■ EXERCISE:
Pictures aside, please retype the whole listing word for word.

■ INFORMATION PROVIDED:
---
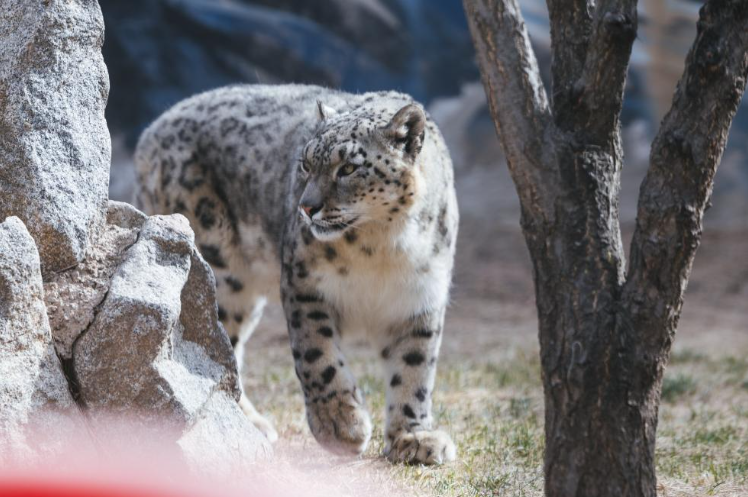 1761209830259530.png 2025年4月1日,中国现存最年长的人工繁育雪豹.png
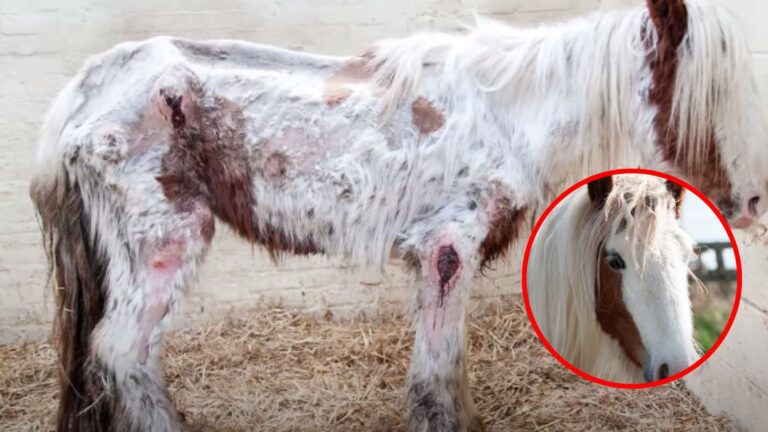 Heartless Owner Abandons This Unfortunate Horse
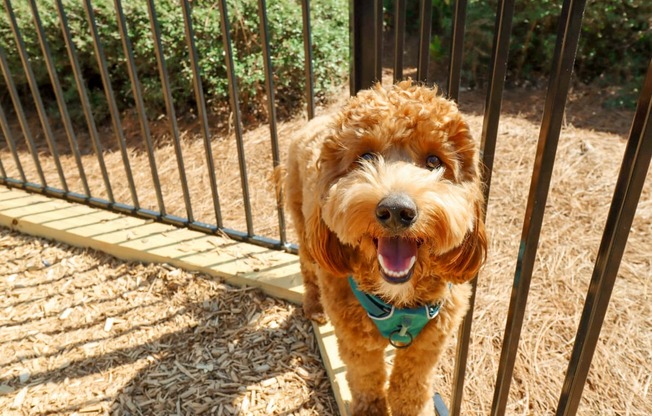a brown dog standing on a wooden platform next to a metal fence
---
■ RESPONSE BOX:
 1761209830259530.png 2025年4月1日,中国现存最年长的人工繁育雪豹.png
 Heartless Owner Abandons This Unfortunate Horse
a brown dog standing on a wooden platform next to a metal fence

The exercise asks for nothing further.